EXERCISE OBJECTIVE ▸
An exact copy of the data is needed, one that excludes all pictures.

DATA SHOWN ▸
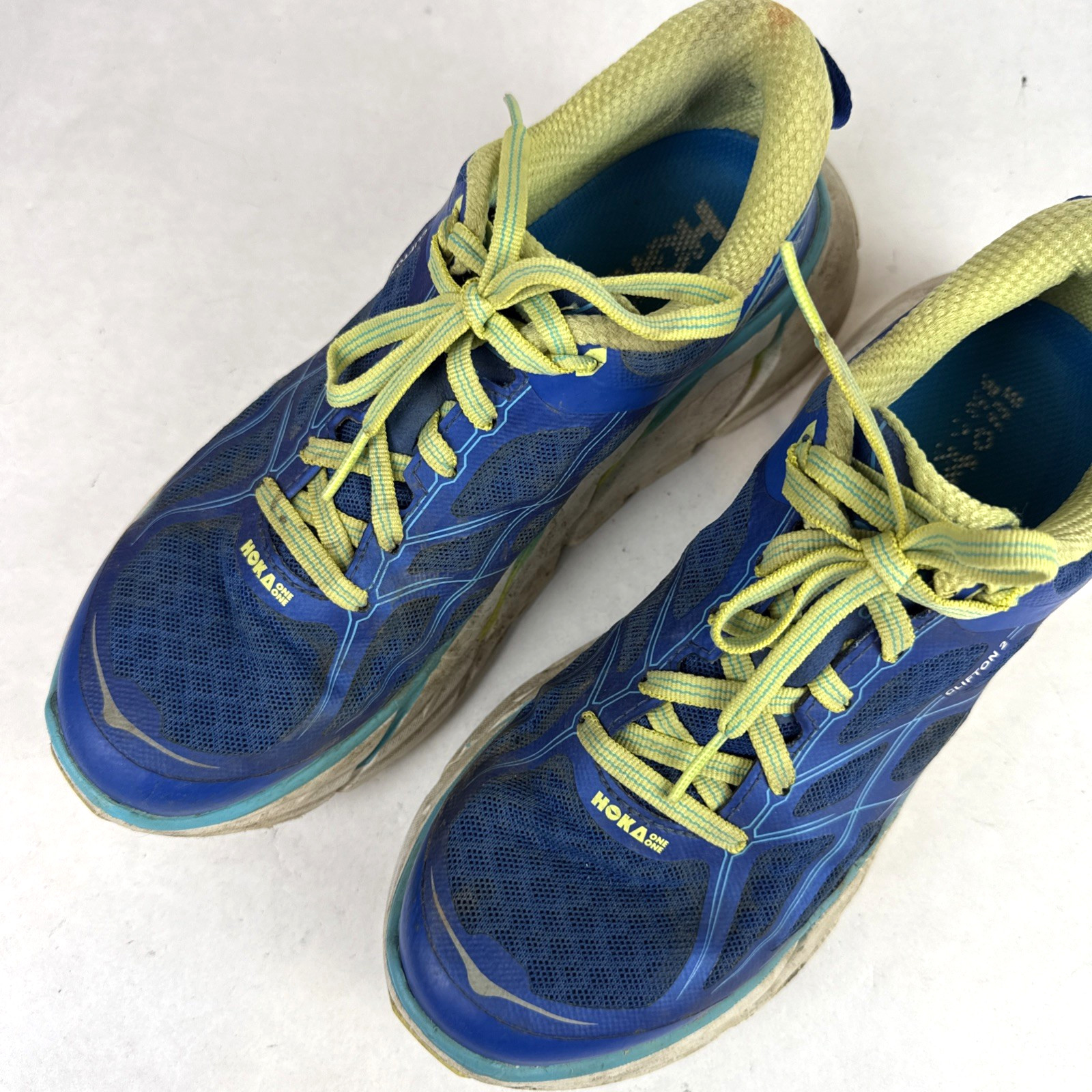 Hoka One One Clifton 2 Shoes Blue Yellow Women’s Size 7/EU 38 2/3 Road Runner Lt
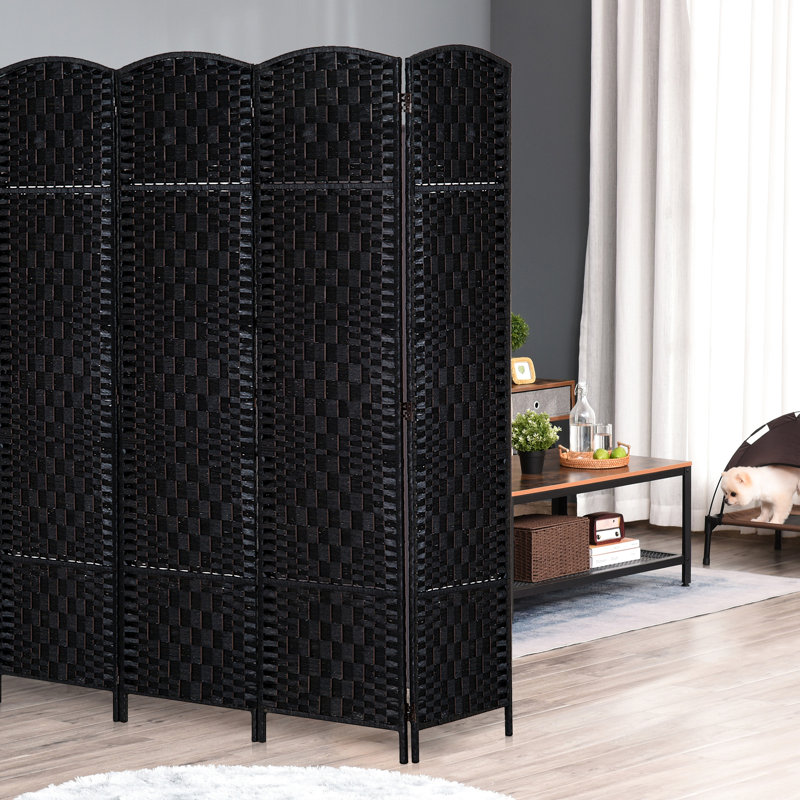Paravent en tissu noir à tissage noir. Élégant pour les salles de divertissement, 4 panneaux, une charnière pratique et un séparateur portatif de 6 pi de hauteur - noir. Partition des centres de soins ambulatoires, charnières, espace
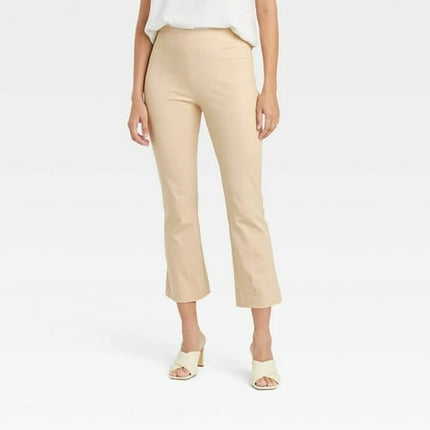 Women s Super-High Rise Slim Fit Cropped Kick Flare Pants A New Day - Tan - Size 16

SOLUTION ▸
 Hoka One One Clifton 2 Shoes Blue Yellow Women’s Size 7/EU 38 2/3 Road Runner Lt
Paravent en tissu noir à tissage noir. Élégant pour les salles de divertissement, 4 panneaux, une charnière pratique et un séparateur portatif de 6 pi de hauteur - noir. Partition des centres de soins ambulatoires, charnières, espace
 Women s Super-High Rise Slim Fit Cropped Kick Flare Pants A New Day - Tan - Size 16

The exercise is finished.